Introduction: Research Data, Methods, and Concepts
From the 1860s, universities across Europe underwent a process of change as they began to accept female students. In Switzerland, women’s access to higher education began at the end of the 1860s.
Nearly 2,000 women were registered at Swiss universities in 1906–1907, and eighty-five percent of them were foreigners. Most of them came from the Russian Empire. In 1878, the University of London was the first university to admit women in the United Kingdom. Female students were often admitted to classes in colleges that later became part of chartered institutions with full university status. Furthermore, eight women’s colleges were established in Cambridge and Oxford from 1869 to 1893 (Dyhouse 1995; Tylecote 1941; Ringer 2004, 247–248; Gibert 1994, 405–406; Barnes 1994).1In June 1870, Swedish women received the right to participate in the matriculation examination, study for a degree in medicine, and practise as physicians by royal degree. Full rights to university studies were granted to Swedish women in 1872, although the faculties of theology remained closed to them (Stromholm 1992, 243–267; Schanberg 2004, 95; Hammar 2000, 12–29).

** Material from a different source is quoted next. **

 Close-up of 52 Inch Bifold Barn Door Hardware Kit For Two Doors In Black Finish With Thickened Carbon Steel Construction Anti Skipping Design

In this chapter, I examine a transitional period in Finnish higher education, a time when young women became interested in higher education and academic degrees on a larger scale. From 1885 to 1900, the number of female students increased year by year, and the presence of female students became quite ordinary. In 1895, women constituted around fifteen percent of the new university student body, and five years later the proportion of women had increased to twenty percent. I examine the family values, attitudes, and transitions concerning the higher education of girls in Finland and highlight the processes by which parents began to appreciate their daughters’ education. I analyse the cultural features that preceded and resulted in the appearance of female students and explore how the female students experienced being women in a male-dominated community.
To analyse these issues, I concentrate on the first generation of Finnish female students by constructing a social portrait of these women.
I look at who they were and where they came from—their backgrounds, circumstances, studies, degrees, and careers. I define the first generation as all those women who took the matriculation examination between 1885 and 1900. This exam was actually the entrance examination to university. To gain the right to take this exam and to study at the university (there was only one university in Finland at the time), they had to apply for a dispensation from the vice-chancellor of the Imperial Alexander University (University of Helsinki). In 1901, women received the same rights as men to study at university, and dispensation was no longer needed (Klinge 2004, 125; Kaarninen and Kaarninen 2002, 92–94, 98–101).2 In defining the group, the main point is that these female students shared a common experience, and this caused a strong spirit of solidarity among them. As Heini Hakosalo has noted, gender was enough to bind women together (Hakosalo 2016, 222, see also Soderhjelm 1929, 101–102).My research data contain the details of 624 female students.3 Analysing the whole group, I use collective biography—or prosopography—as my research method (Cowman 2012, 83–85). As Donald Broady defines it, prosopography is the study of individuals belonging to the same field (Broady 2002, 381–382; Uotila 2014, 242–247; Keats-Rohan 2007, 144–145; see also: Cowman 2012, 85; Caine 2010, 58; Lamberg et al. 2009, 230–232; Hakosalo 2016, 209–210). My aim is to understand women who were simultaneously actors in the same field. In addition, I am interested in individuals, their life stories, and their experiences at university. To uncover this information, I have used memoirs; biographies; novels (fiction); and the registers of several schools, colleges, and educational institutions as source material.